──────── Input for this task
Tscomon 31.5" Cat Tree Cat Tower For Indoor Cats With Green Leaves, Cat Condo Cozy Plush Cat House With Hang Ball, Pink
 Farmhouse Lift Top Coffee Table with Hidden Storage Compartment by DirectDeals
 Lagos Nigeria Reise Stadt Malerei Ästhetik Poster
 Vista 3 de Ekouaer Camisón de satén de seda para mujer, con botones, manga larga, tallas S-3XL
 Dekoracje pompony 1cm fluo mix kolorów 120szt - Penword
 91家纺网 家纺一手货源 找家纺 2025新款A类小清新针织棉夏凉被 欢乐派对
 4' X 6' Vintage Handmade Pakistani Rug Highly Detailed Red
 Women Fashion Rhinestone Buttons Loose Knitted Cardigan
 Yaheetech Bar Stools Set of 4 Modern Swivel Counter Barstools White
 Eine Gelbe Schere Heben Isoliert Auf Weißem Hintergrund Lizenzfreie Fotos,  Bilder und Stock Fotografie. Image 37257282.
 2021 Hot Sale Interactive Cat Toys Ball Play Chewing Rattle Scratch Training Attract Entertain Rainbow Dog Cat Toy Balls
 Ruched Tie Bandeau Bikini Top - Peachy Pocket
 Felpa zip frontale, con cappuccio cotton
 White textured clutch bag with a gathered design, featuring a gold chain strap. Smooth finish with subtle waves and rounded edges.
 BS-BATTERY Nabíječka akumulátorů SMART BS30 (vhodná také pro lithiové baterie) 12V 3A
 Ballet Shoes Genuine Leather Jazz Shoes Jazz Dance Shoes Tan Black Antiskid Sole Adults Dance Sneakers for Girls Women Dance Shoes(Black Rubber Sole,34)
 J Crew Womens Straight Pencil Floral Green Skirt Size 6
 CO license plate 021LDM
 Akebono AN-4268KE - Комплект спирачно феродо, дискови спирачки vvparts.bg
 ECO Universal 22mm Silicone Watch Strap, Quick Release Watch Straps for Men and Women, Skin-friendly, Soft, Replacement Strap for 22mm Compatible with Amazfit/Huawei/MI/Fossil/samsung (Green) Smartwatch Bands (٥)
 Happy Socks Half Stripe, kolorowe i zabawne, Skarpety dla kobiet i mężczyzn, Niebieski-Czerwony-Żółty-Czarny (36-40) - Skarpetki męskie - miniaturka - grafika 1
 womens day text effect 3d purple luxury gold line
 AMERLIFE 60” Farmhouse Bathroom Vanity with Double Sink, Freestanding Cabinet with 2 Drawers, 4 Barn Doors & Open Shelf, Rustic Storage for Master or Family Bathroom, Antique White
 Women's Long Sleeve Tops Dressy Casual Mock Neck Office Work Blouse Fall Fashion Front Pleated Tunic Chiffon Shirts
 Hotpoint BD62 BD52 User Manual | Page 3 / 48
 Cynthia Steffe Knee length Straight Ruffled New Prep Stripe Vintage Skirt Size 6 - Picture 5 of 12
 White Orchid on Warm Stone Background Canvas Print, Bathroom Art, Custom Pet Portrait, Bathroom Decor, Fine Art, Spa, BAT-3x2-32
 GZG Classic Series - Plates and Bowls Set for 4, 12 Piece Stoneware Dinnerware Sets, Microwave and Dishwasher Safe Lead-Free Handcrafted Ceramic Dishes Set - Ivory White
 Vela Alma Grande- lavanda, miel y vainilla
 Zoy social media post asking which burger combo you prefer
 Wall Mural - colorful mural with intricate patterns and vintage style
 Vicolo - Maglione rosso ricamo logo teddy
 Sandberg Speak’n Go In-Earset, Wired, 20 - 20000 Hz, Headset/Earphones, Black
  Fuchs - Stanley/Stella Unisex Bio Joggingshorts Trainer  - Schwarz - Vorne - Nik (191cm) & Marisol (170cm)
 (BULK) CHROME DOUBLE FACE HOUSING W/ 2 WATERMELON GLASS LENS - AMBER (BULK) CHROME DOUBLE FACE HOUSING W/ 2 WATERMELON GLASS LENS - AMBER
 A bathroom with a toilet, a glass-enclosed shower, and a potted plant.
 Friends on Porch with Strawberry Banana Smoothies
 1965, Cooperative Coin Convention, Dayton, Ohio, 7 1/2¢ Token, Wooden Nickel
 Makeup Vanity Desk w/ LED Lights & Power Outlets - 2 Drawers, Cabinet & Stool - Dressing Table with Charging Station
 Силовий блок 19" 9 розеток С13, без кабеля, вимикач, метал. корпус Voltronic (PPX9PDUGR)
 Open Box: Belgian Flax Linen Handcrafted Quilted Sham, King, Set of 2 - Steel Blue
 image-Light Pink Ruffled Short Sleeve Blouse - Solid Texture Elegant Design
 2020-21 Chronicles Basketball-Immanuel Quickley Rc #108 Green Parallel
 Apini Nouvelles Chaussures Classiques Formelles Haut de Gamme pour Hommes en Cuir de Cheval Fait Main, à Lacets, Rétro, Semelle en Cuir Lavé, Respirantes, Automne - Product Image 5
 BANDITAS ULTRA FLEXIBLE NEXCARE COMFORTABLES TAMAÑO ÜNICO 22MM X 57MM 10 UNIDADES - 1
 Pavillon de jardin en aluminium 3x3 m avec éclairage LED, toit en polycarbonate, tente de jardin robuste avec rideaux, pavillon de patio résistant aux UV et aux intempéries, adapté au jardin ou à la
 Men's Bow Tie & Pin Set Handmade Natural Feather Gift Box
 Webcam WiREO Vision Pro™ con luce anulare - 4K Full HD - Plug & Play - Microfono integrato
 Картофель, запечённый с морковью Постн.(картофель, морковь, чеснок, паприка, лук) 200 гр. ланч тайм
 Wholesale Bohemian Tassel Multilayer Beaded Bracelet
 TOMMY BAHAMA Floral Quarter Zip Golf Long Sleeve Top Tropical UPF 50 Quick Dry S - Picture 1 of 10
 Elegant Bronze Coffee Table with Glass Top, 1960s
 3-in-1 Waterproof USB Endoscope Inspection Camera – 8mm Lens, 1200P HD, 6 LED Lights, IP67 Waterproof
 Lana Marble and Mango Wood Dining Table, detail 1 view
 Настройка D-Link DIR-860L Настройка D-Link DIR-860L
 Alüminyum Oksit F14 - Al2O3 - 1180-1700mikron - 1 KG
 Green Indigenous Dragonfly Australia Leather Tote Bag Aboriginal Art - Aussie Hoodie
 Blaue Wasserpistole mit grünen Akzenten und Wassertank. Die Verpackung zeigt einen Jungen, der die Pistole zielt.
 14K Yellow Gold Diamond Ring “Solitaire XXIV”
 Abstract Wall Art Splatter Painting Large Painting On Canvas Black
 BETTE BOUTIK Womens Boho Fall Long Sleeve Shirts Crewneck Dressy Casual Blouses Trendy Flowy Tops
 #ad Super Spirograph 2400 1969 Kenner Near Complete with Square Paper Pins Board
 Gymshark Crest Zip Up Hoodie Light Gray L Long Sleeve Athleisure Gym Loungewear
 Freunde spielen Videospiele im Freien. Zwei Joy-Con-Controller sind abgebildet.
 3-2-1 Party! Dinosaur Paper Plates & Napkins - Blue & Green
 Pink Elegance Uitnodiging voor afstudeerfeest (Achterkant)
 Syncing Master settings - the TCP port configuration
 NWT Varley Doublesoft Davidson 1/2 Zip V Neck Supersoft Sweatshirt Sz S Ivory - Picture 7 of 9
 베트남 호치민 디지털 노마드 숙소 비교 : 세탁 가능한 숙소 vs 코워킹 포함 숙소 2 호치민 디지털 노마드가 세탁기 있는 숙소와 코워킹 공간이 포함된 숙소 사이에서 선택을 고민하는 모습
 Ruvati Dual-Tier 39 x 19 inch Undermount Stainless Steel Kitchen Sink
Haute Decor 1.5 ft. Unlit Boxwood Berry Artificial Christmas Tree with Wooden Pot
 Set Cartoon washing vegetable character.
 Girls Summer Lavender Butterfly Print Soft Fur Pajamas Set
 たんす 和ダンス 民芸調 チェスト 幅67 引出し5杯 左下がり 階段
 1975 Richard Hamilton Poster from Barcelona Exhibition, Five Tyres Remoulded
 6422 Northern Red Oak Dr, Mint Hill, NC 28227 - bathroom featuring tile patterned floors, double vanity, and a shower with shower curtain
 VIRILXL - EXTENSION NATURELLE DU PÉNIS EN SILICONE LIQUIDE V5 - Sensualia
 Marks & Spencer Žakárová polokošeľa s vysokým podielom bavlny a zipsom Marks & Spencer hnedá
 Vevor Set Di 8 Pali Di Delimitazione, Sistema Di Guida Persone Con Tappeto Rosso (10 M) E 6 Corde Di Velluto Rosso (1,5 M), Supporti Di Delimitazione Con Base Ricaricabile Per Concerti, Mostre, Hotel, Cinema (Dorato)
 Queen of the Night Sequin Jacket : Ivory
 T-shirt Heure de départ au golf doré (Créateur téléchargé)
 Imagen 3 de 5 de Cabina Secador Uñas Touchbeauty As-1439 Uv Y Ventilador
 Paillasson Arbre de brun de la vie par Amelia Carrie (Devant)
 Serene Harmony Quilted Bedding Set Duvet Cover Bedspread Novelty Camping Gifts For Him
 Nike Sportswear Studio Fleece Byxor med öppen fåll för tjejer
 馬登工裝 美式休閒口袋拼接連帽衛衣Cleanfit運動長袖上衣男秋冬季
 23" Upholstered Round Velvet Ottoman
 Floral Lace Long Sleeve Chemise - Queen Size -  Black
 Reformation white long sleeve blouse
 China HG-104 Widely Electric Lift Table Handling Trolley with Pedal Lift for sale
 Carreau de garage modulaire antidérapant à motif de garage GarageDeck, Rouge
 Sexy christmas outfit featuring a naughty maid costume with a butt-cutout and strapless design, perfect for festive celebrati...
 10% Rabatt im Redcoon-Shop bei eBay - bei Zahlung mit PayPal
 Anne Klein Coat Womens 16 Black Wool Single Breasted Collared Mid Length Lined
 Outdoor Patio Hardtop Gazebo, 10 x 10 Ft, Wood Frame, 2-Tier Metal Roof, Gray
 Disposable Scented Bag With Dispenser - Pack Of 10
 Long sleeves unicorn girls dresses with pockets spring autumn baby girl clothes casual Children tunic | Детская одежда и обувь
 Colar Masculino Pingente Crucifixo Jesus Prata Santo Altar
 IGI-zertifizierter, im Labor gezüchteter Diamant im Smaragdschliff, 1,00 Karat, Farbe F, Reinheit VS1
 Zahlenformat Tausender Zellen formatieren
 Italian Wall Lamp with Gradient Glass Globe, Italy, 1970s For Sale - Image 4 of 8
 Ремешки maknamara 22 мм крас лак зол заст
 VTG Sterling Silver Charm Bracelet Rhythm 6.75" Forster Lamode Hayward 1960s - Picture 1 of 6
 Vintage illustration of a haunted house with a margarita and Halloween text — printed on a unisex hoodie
────────────────
Exercise aim: Set down exactly the lines of the data above, beginning with the line that has "4' X 6' Vintage" and ending with the line that has "Ruched Tie Bandeau", and no others.

Result of this exercise:
 4' X 6' Vintage Handmade Pakistani Rug Highly Detailed Red
 Women Fashion Rhinestone Buttons Loose Knitted Cardigan
 Yaheetech Bar Stools Set of 4 Modern Swivel Counter Barstools White
 Eine Gelbe Schere Heben Isoliert Auf Weißem Hintergrund Lizenzfreie Fotos,  Bilder und Stock Fotografie. Image 37257282.
 2021 Hot Sale Interactive Cat Toys Ball Play Chewing Rattle Scratch Training Attract Entertain Rainbow Dog Cat Toy Balls
 Ruched Tie Bandeau Bikini Top - Peachy Pocket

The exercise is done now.